You could tell it was going to end in trouble. Let’s have a Mexican night, said one of the gang. So there we were- sombreros, ponchos and Zapata moustaches sitting in the back garden swigging tequila from the bottle waiting for the senoritas to bring us our grub. It was just as the jalapeno poppers stuffed with cheese and crab was placed on the table that this dangerous specimen crawled out of the woodwork.
Five of us backed off from the table spilling the chairs all over the lawn. We flicked our ponchos over our shoulders and went for our guns before we forgot we didn’t have any guns.
“That thing spits, stay back.” a gang member called Shane warned us.

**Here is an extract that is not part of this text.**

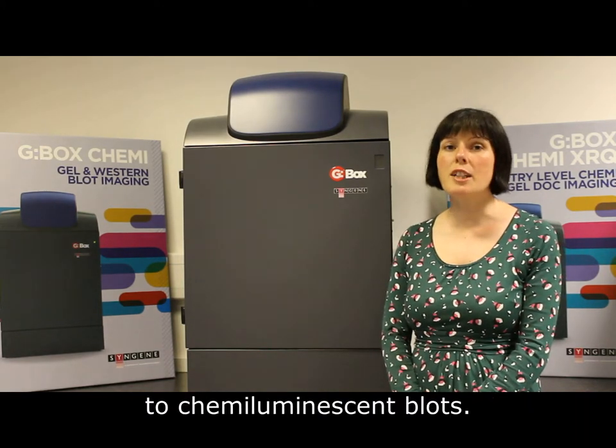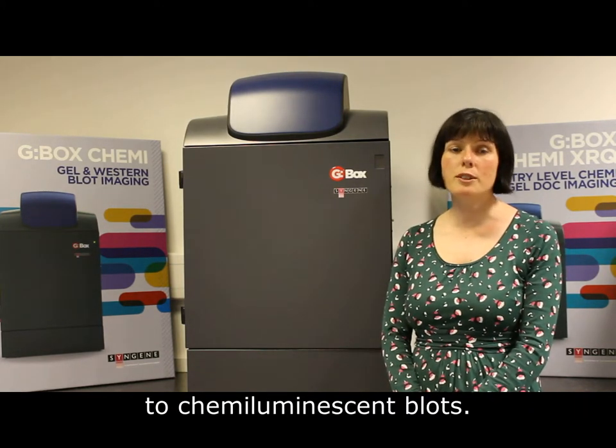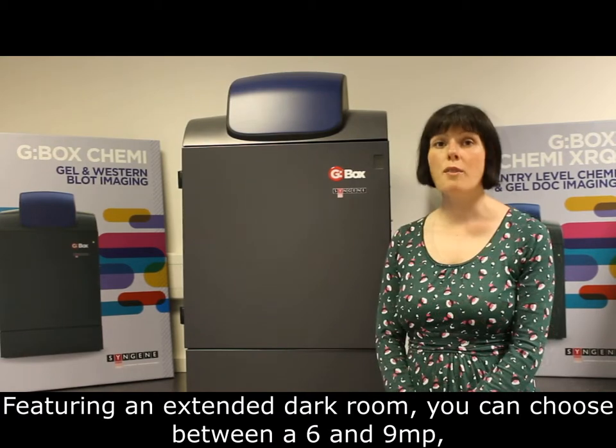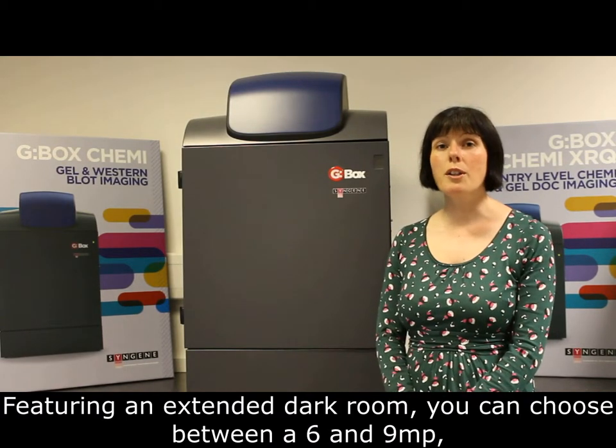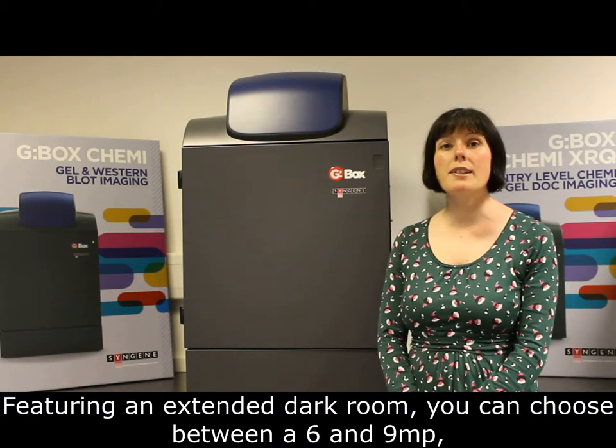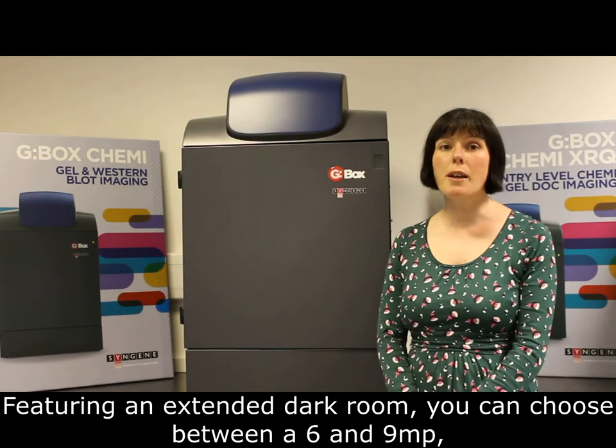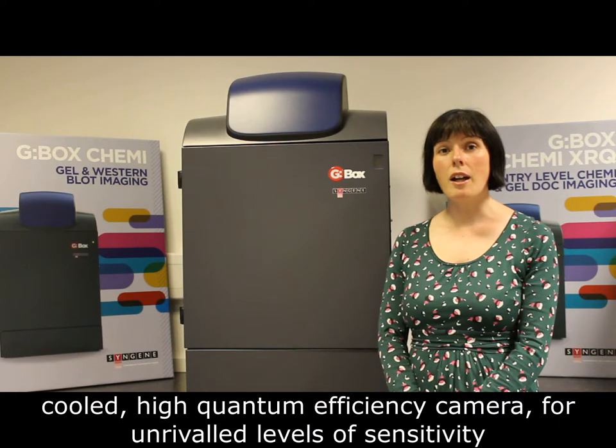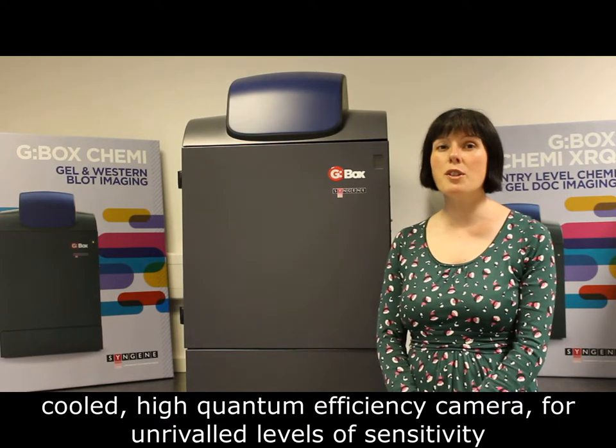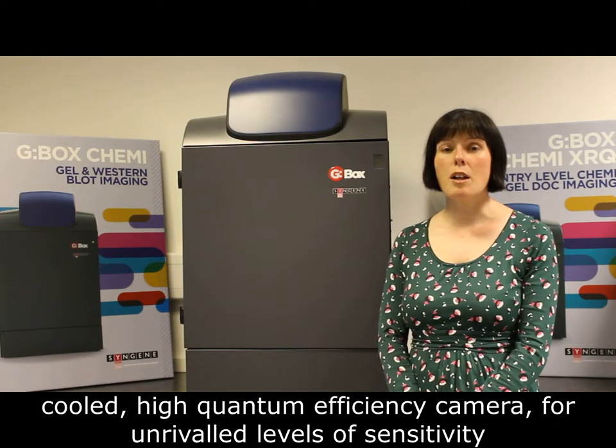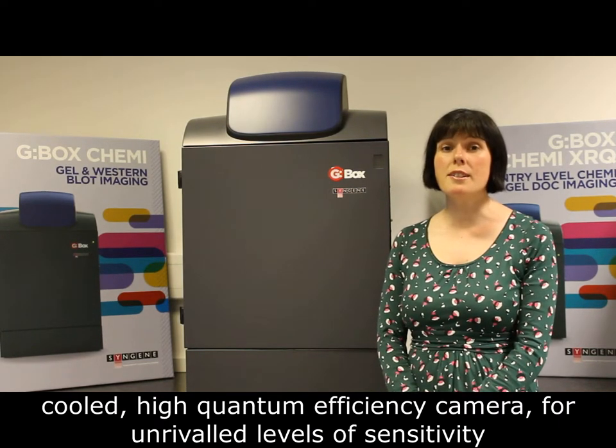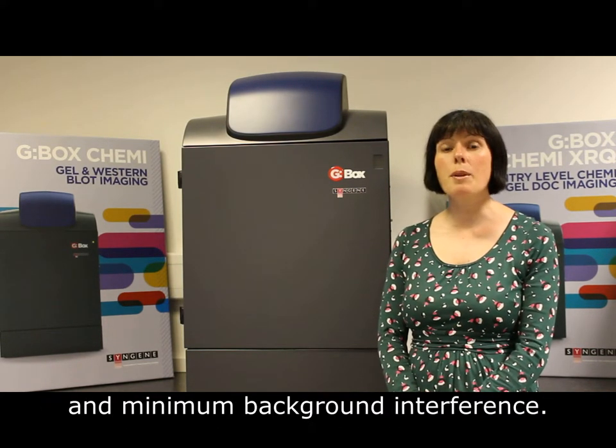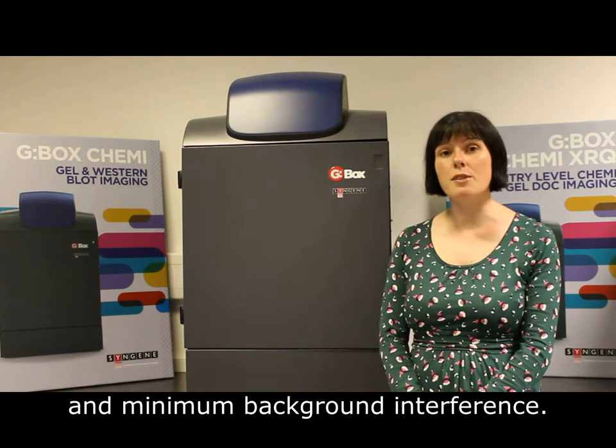and 2D gels to chemiluminescent blots. Featuring an extended darkroom, you can choose between a 6 or 9 megapixel cooled high quantum efficiency camera for unrivaled levels of sensitivity and minimum background interference.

“Tarantulas don’t spit” said I, using my limited knowledge of tarantulas to bring calmness to the situation.
From the kitchen appeared one of the mafioso’s molls (I might be getting my genres mixed up, doesn’t matter, stay with me, we’re nearly done). Using tweezers that were in her back pocket, thank heavens for Deus ex machina, she picked the spider up. Being Italian, she was an expert on hairy arachnids.
“Well, what have we here? A-huh. This is a new species which was recently discovered in Arizona and New Mexico. It must have been hiding in one of those imported crates and smuggled its way over here. This is a Aphonopelma Davemustainei. They are supposed to be deadly but this one is quite cute.”
Dave’s not the only star with a spider named after him. Other personalities with a creepy-crawly alter-ego are Barack Obama, David Bowie, Harrison Ford, Anton Miguel Rodriguez and Peter Parker to name a few. We started with farce let‘s end it with a bite. Play it Loud.